Çatışmanın hangi aşamada olduğu, ne tür sorunlar barındırdığı, tarafların bugüne kadar tutumlarının ne tür aşamalardan geçtiği ve bundan sonraki süreçte nasıl bir tutum takınılması gerektiğine yönelik; bölgedeki sivil toplum kuruluşlarının kanaat önderleri ile konuşulduğunda öne çıkan unsurlar, çözüm sürecinin başladığı dönemin koşullarını hatırlamamız gerektiğini daha anlamlı kılmaktadır. Çünkü, 6-8 Ekim olaylarının ardından çözüm süreci ve "yeni yol haritası" ile ilgili benzer söylemler karşımıza çıkmaktadır.
Bu anlamda dile getirilen önemli bir husus, çözüm sürecinin en başından itibaren çokça üzerinde durulan "dil" ve "söylem" meselesidir. Çünkü her iki tarafın kriz alanlarında kullandığı dil, kastedilenin ötesinde ve sorunlardan daha çok alımlayıcı kitle üzerinde etki oluşturabilmektedir. Sözün söylendiği bağlamı tam takip etmeyen kitle için, söylemin çerçevesinden koparılarak yeniden üretilme riski hep ihtimal dahilindedir. Dolayısıyla, aktörlerin dil meselesini önemsemesi gerektiğine yönelik yoğun bir beklenti bulunmaktadır. Ayrıca siyasetin normal seyrinde makul sayılabilecek bir ifadenin, aşırı politikleşmiş konularda toplumsal mobilizasyona yönelik kullanılabileceği sıkça dile getirilmektedir.

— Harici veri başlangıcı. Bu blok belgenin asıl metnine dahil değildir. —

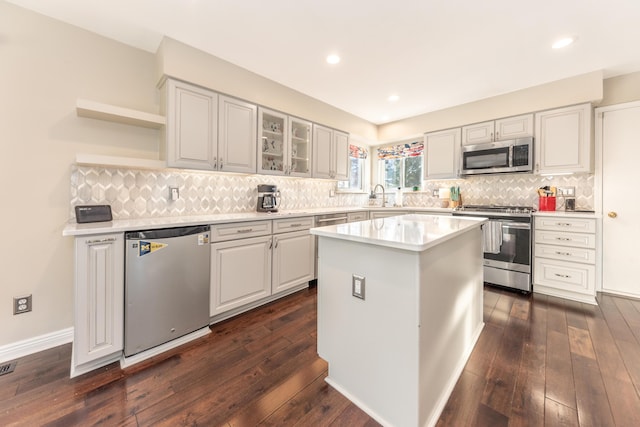 kitchen featuring dark wood-type flooring, a sink, open shelves, appliances with stainless steel finishes, and light countertops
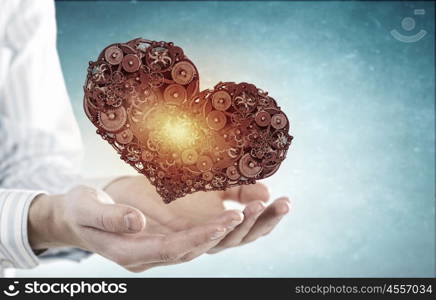 Heart working like engine. Male hands holding heart made of gears and cogs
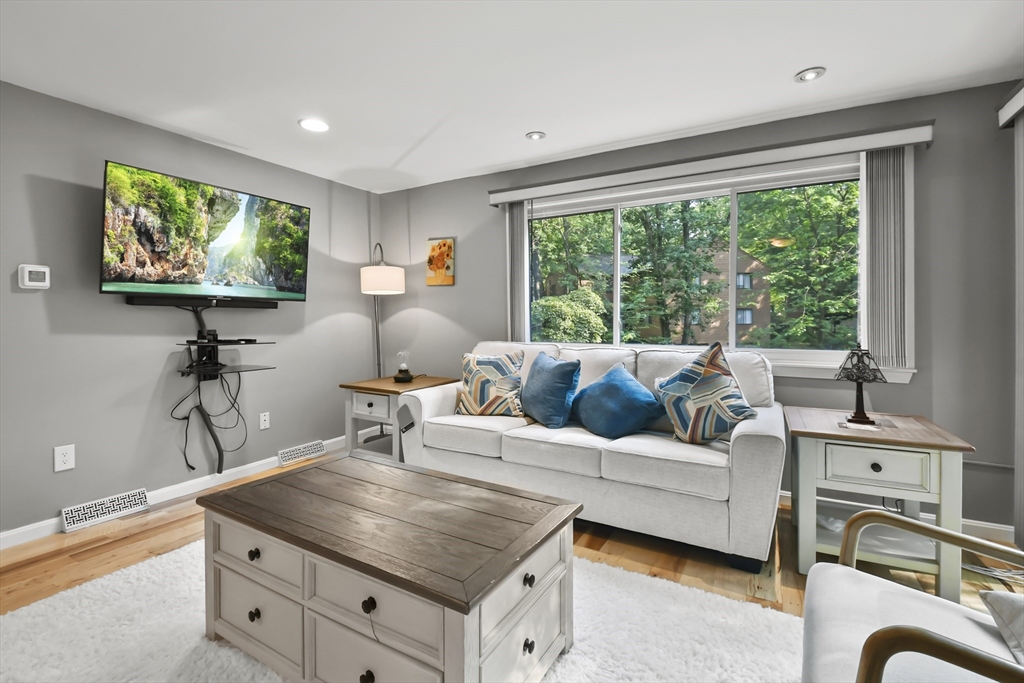64 Mountain Gate Road, Unit 64 Ashland, MA 01721 - Photo 7 of 31 a living room with furniture a large window and a flat screen tv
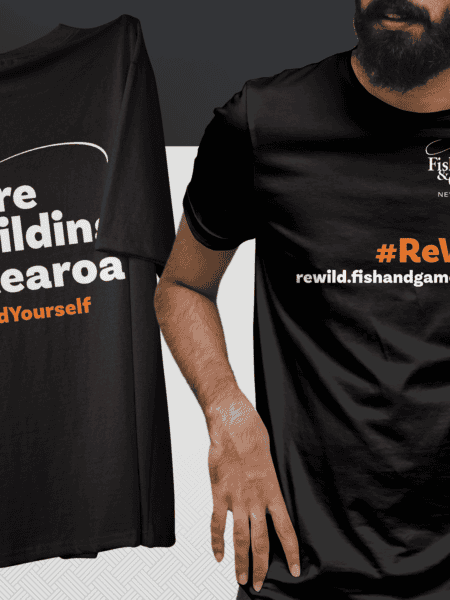 Two black T-shirts with environmental messages: left shirt reads "We're rewilding Aotearoa #ReWildYourself," right shirt has "Fish & Game New Zealand" logo and "#ReWild" slogan with web address.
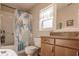 Clean bathroom with shower/tub combo, granite vanity, and seashell-themed decor at 5325 Cillette Ave, North Port, FL 34288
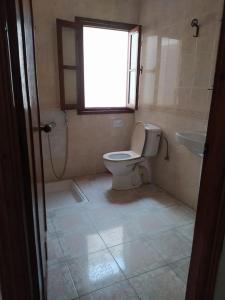 a bathroom with a toilet and a sink and a window at Superbe appartement chaleureux à 350m de la plage in M'diq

"Çözüm sürecini izleme komisyonu" ya da "üçüncü göz"ün gerekliliğinin, gelinen süreçte daha iyi anlaşıldığı dile getirilen bir diğer husustur. Görüşme ve müzakere çıktılarının baştan bilgisine vakıf olduğu için süreci bozan, kriz çıkaran ve krizin başındaki makul şartları sonradan kendi "pozisyonel konumu"na göre yeniden maksimize eden tarafı, ifşa etmek ve açığa düşürmek bu "üçüncü göz" vasıtasıyla gerçekleşebilecektir. Bu anlamda, tarafların mutabakat sağladığı ya da belirli bir süre "üçüncü göz" dışında kamuoyuna açıklanmayan ancak uygulama aşamasında mutabakata uymayan ve barışa ayak sürüyen tarafın üçüncü göz tarafından açıklanacak olması süreci daha sağlıklı kılabileceğine inanılmaktadır. Bu anlamda Kürt siyasal hareketinin, kaçış pozisyonu üretmek için, sorunun çözümünde sürekli yeni ve maksimalist talepleri gündeme getirmesi ve her krizi hükümete yüklemesinin imkanı azalacaktır.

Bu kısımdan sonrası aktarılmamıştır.